Пожалуй, только смоленский губернатор А.Б. Бутурлин не только заступился за подчинённых, но и принципиально поставил вопрос о порочности существовавшей системы управления и контроля. В конце 1739 года он прислал в Петербург два доклада. В первом губернатор объяснял: после того как в 1737 году коллегии и конторы получили разрешение штрафовать местные власти, последние получили… 54 контролирующие инстанции, посылавшие «угрозительные повеления».
Выполняя одно, непременно приходилось откладывать другое; в результате у чиновников «нужнейшие дела из рук выходят и внутренним течением пресекаются»; можно было не выполнять ничего — штрафы всё равно были неизбежны.

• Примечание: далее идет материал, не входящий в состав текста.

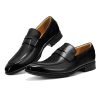 Men's Slip on Oxford Dress Shoes Classic Handmade Calfskin Manufacturing More Compact, Choose The Right Size to Modify The Foot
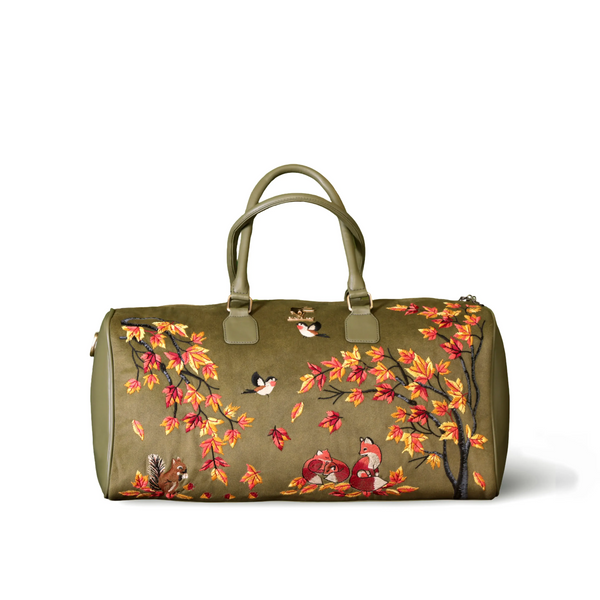 Weekender Large Travel Duffel Bag for Women | Olive Green | PickAleaf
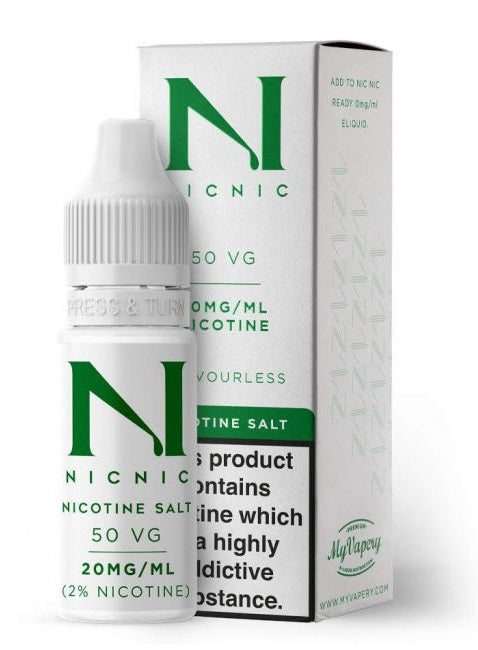 NicNic Nicotine Salt Booster shots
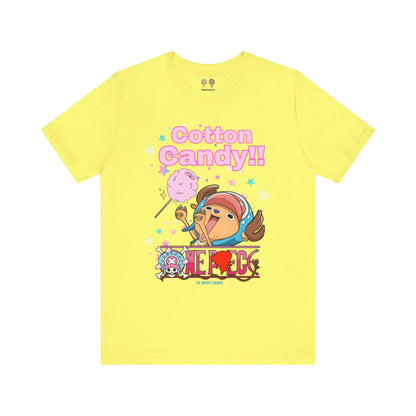 One Piece - Chopper Loves Cotton Candy Unisex Jersey Short Sleeve Tee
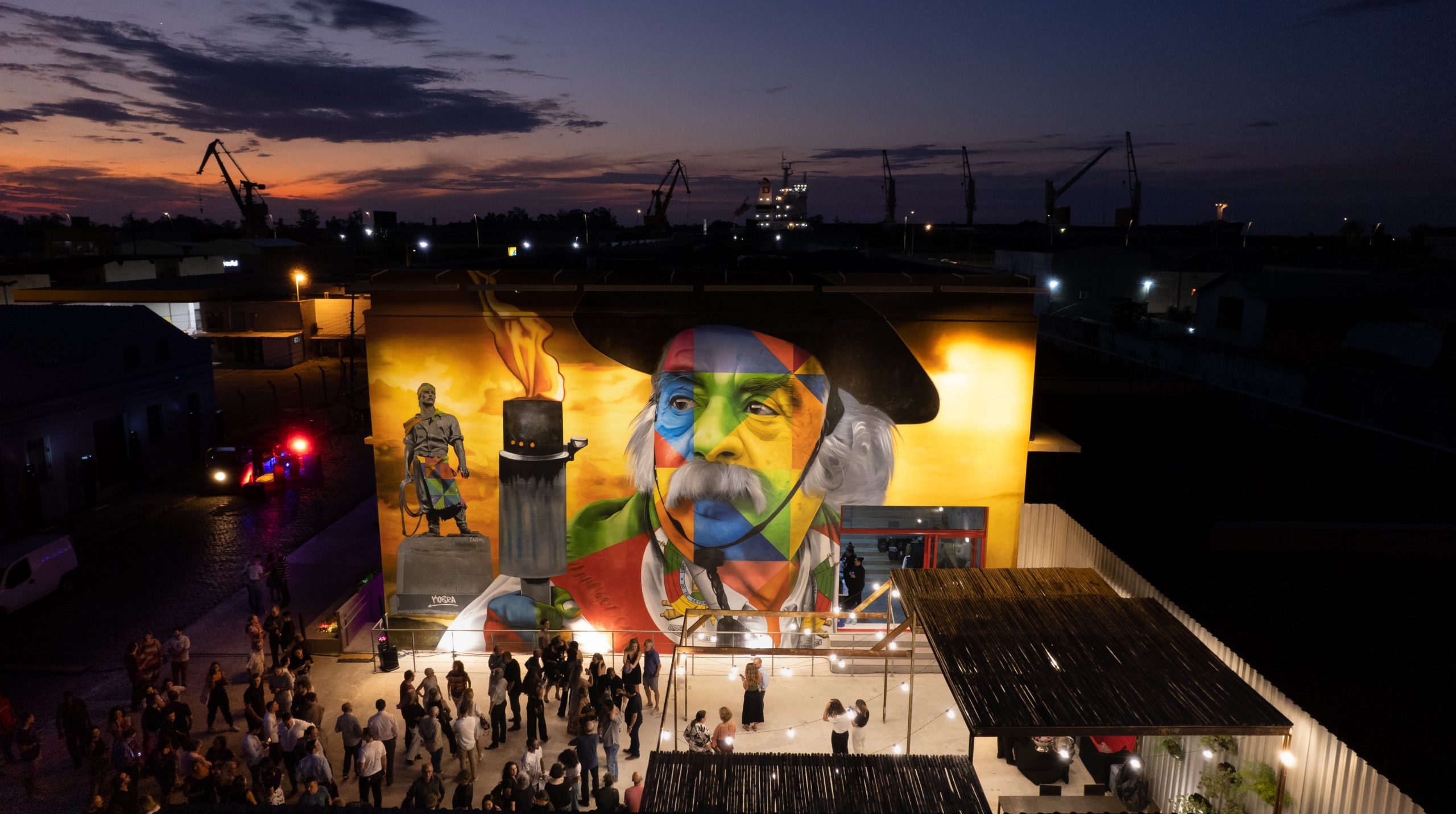 ABF Developments entrega mural de Kobra em homenagem a Paixão Côrtes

Второй доклад Бутурлина можно назвать настоящим трактатом «о изнеможении счетов годовых сочинением». Прежде всего требовалось составить месячный «репорт», отправлявшийся в Камер-коллегию, Сенат и ещё несколько мест. Затем «приходчикам», ответственным за ведение счетов, необходимо было привести в порядок 16 книг («по форме» — все 19) по разным видам денежных поступлений, что «немалое мозголомство приносит от состоящих вновь форм», после чего сдать преемникам ещё четыре книги (по недоимкам и по расходам на новый год) вместе с наличной «денежной казной»… и садиться сочинять годовой «репорт». Одновременно приходилось составлять отписки и справки по требованию вышестоящих инстанций и прибывающих с очередным «повелением» офицеров под угрозой штрафов и заключения под караул. В результате подведение финансовых итогов требовало не менее трёх месяцев, в течение которых запускались текущие дела{566}. Но это — в лучшем случае, если ответственные за финансовые документы чиновники были живы и здоровы, не угодили под следствие и не были отправлены налетевшим из столицы гвардейцем решать какие-нибудь срочные дела.

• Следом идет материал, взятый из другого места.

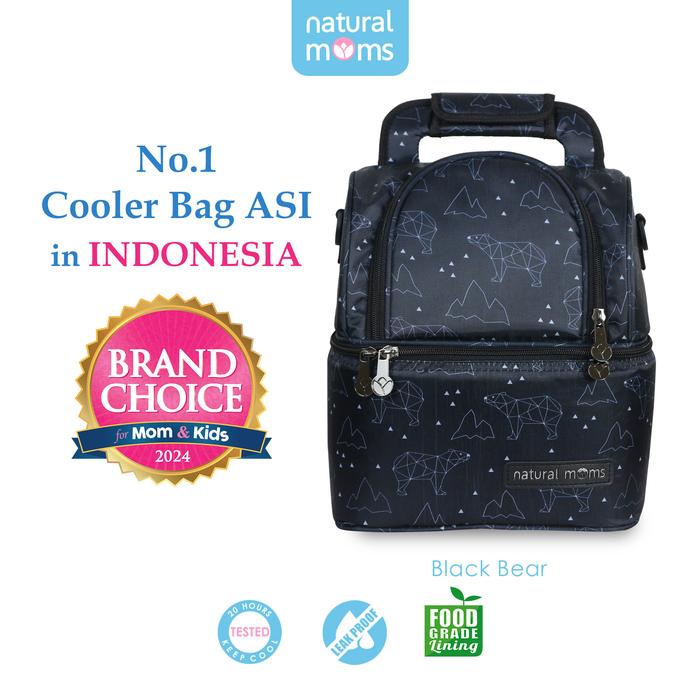 Gambar Tas ASI | Natural Moms Cooler Bag ASI | Momy - Black bear dari Natural Moms Indonesia Official Shop Kota Tangerang Selatan Tokopedia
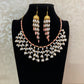 Coral Pearl Blossom Necklace Set | Indian jewelry in USA | Gift Idea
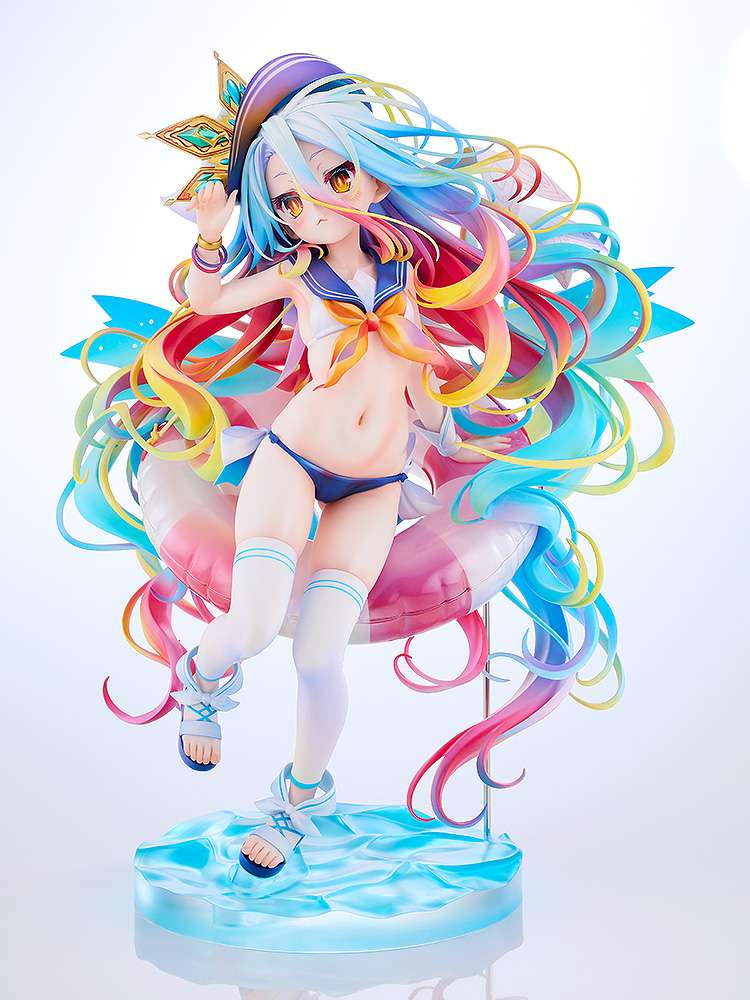 No Game No Life Shiro Sailor Style Swimsuit Figure
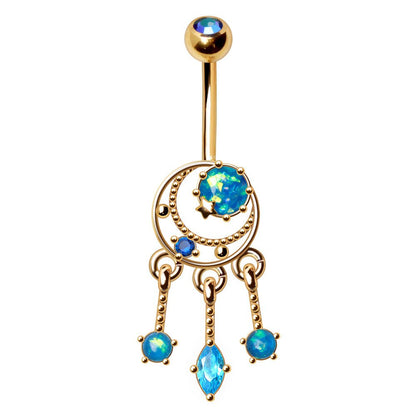 Gold Plated Galaxy Navel Ring Navel Ring Skin Metals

Через руки подьячих с грошовым жалованьем проходили порой колоссальные суммы. Если цифры в счетах не сходились или возникало малейшее подозрение в нанесении ущерба казённому интересу, начиналось следствие, и виновными в итоге оказывались не начальники, а «стрелочники». Даже не отличавшийся милосердием Сенат просил простить копииста Алексея Михайлова, который в отчётности по сумме в 600 тысяч рублей допустил «прочёт» в 127 рублей и при этом был «нимало не корыстен», а ошибся исключительно «от великого приёма и раздачи суммы». Но Кабинет в снисхождении отказал{567}.
Не менее страшно было для приказного вызвать гнев начальства. В 1739 году закончился суд над каширским воеводой Я. Баскаковым, виновным в убийстве канцеляриста; за то же был вызван к следователю воронежский вице-губернатор Лукин; в том же обвинялся белгородский губернатор И.М. Греков. В Москве президент Вотчинной коллегии А.Т. Ржевский и секретарь Обрютин прямо в «асессорской камере» избили палками и плетьми канцеляриста Максима Стерлигова, после чего несчастного «содержали в цепях и в железах под коллежским крыльцом» за попытку разоблачения злоупотреблений чиновников Елецкой провинциальной канцелярии{568}.

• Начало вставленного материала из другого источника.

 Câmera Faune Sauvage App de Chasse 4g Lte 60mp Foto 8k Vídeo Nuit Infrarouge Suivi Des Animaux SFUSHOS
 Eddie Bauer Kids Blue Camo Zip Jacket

Даже в столичной Коммерц-коллегии чиновники могли получить пощёчину или плевок в лицо от президента П.П. Шафирова; вспыльчивый барон лично бил секретаря Ивана Балбекова, протоколиста сажал «под караул», а прочих чиновников обзывал «плутами» и «ворами». Назначенные туда коллежские советники публично спрашивали начальника, «будет ли он до них милостив»{569}.
Недовольные порой винили в своих бедах «немцев». «Вирой взял силу, и государыня без него ничего не делает, как всем о том известно; что де донесут ей, то де и зделаетца; всем де ныне овладели иноземцы», — жаловался советник Тимофей Тарбеев, но сам-то конкретно недоволен был «немилостью» своего русского начальника графа М.Г. Головкина и собирался жаловаться на него императрице{570}.